Here's my answer (extended a little here to try and cover all bases), in case it helps anyone else going through the same process:

The i5-2400 will work with pretty much any socket 1155 motherboard, so you can look at the boards that were released with SandyBridge CPUs — for example, H61, H67, Z68 — as well as those that were released for IvyBridge CPUs, such as B75, H77, Z77.

Most board manufacturers have a CPU compatibility list for each board, so if you find a particular board, you should be able to confirm by searching for the make/model.

Given that they're not made any more, finding a "good" replacement might be tricky. As long as the motherboard has all the ports and sockets you need, it should do the job. In the general case, some of the factors that should be considered:

  • What sized case do you have? Physical size is imperative: An ATX motherboard won't fit in a micro-ATX sized case, for example. A board that is otherwise suitable must fit the case, otherwise it is pointless to consider it.
  • Number of and/or combination of PCI and PCIe slots required. All current motherboards have at least one PCIe x16 slot for a graphics card, and keep in mind that most graphics card take up at least two slots.
  • Number of RAM slots required. Some low-end boards only have 2 RAM slots — if you have more sticks than that it might mean you either have to reduce your amount of RAM, or buy a new kit with larger size per stick.
  • Number of SATA ports. Most drives (hard drives, DVDs, and SSDs) around in the socket 1155 timeframe used SATA as the connector type. Make sure the motherboard has enough SATA ports for all your drives.
  • Number of USB ports required. In addition the ports on the motherboard, consider what USB ports your case has. Any USB 3 ports will most likely require a USB 3 header on the motherboard, which are physically different sizes to USB 2 headers.
  • Number and type of onboard graphics ports. If not using a dedicated GPU, consider what types of onboard graphics connectors you need.
  • Number of fan headers. Required for case fans
  • Chipset matching to avoid confusing your operating system. You may want to attempt to match the existing board — by chipset and/or manufacturer — in order to reduce the risk of your operating system from "rejecting" the change.
  • Overclocking support. If overclocking with a 'K' CPU, choose a 'Z' chipset

Most DDR3 RAM will work with any board, but you can also try and confirm RAM compatibility either with the motherboard or RAM manufacturer's compatibility lists.

The i5-2400 which has limited overclocking potential is a little easier to source a replacement that for an overclockable 'K' CPU. In the latter case, the Z68 or Z77 boards are the best choice as they support overclocking.

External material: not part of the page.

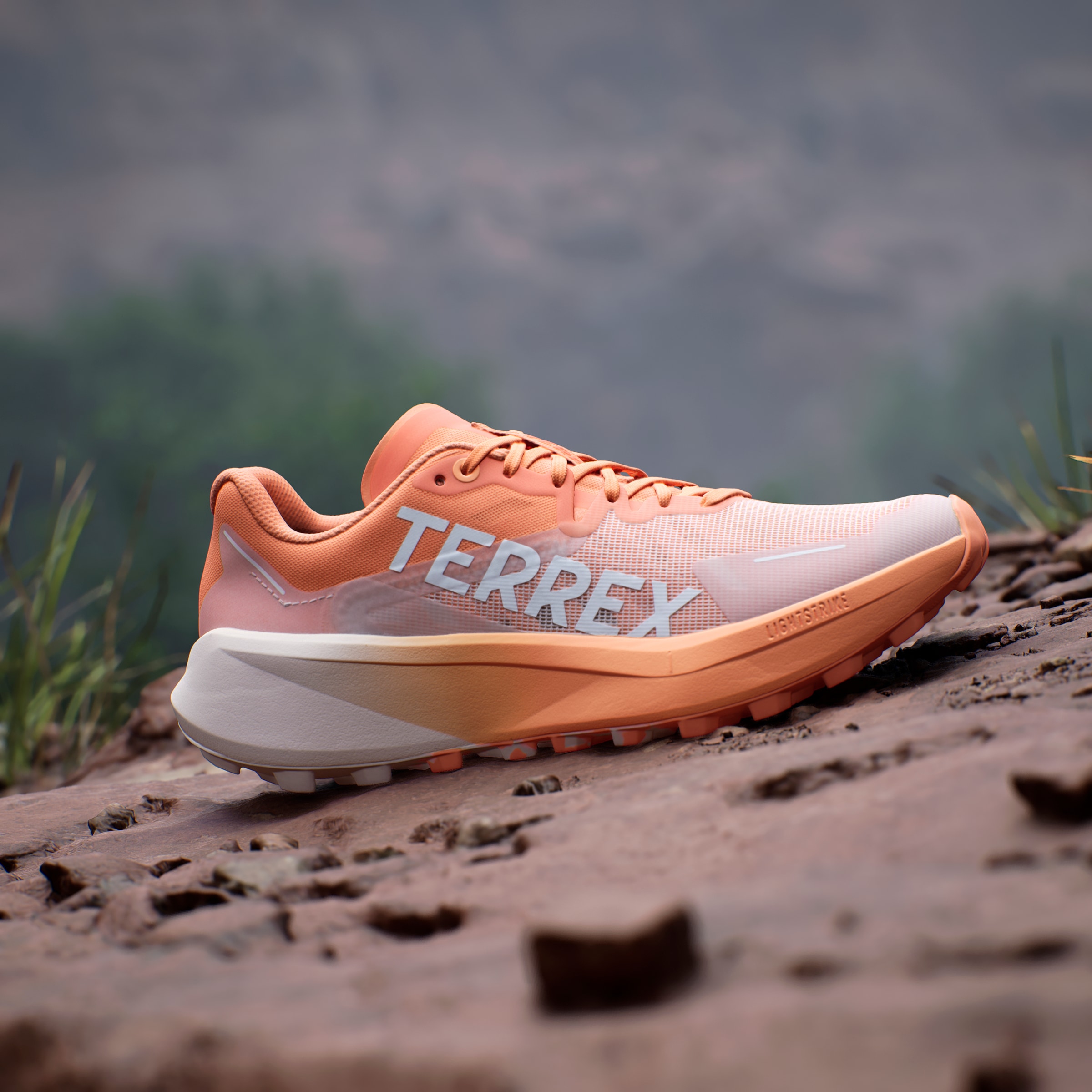 adidas TERREX Trailrunningschuh »TERREX AGRAVIC 3 TRAILRUNNING«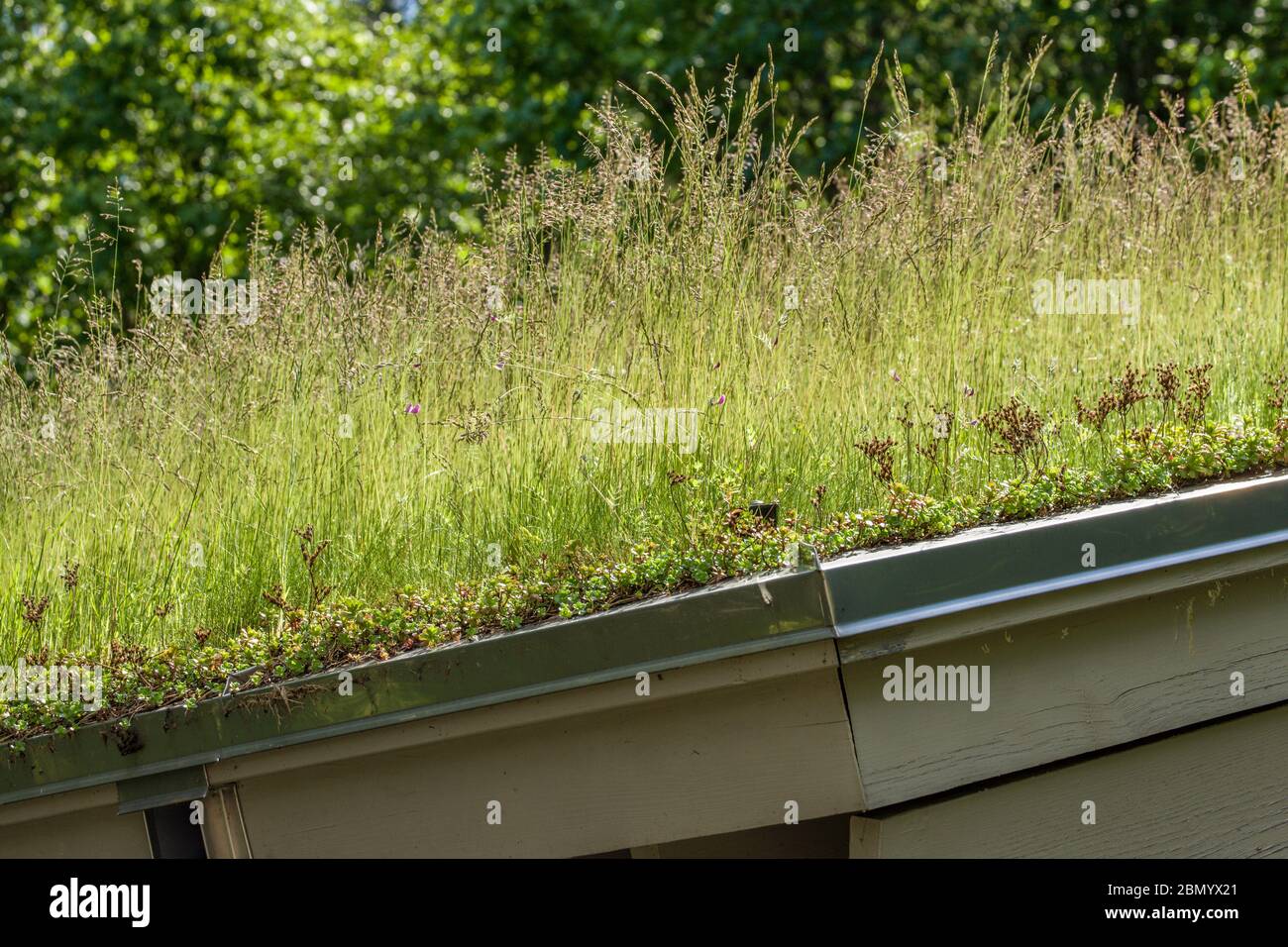 North Bend, Washington, USA.  Green roof on a building.  The benefits of having a green roof include: improved air quality, heat reduction and more Stock Photo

2nd hand is most likely a cost-effective option if you can find one. Some socket 1155 boards are still available at online stores, so you could check Newegg, Amazon, and similar places. Alternatively, you could call a few local computers stores to see if by chance they've got old stock.

As an example of the process: here's a listing for the Gigabyte B75M-D3H at Amazon. The CPU support list shows that the i5-2400 is supported. It has 4 RAM slots, and after the GPU is in will have a PCI and PCIe slot free. It is only micro-ATX sized, so should fit all but the smallest cases.

When replacing, if you change the make and model of the board, you may have difficulty booting your OS with the updated board. This depends what OS you're using, and how different the replacement board is as far as drivers go. Windows traditionally hates hardware being replaced, and may refuse to boot; if you were using, say, Linux it would most likely just work. So keep that in mind that some recovery — or worst-case, a reinstall — of the OS might be required. Finding an exact model motherboard should avoid this issue; finding a similar chipset should reduce the risk of boot issues (but licensing issues may still need to be dealt with).

During the replacement process, after removing the heatsink, clean existing thermal paste from the CPU and heatsink using isopropyl alcohol. Reapply fresh paste before putting the cooler back on the CPU when it's installed in the new motherboard.

(As an aside, confirming that a motherboard fault is the problem — and not something else like a dead power supply — is a worthwhile activity to go through first).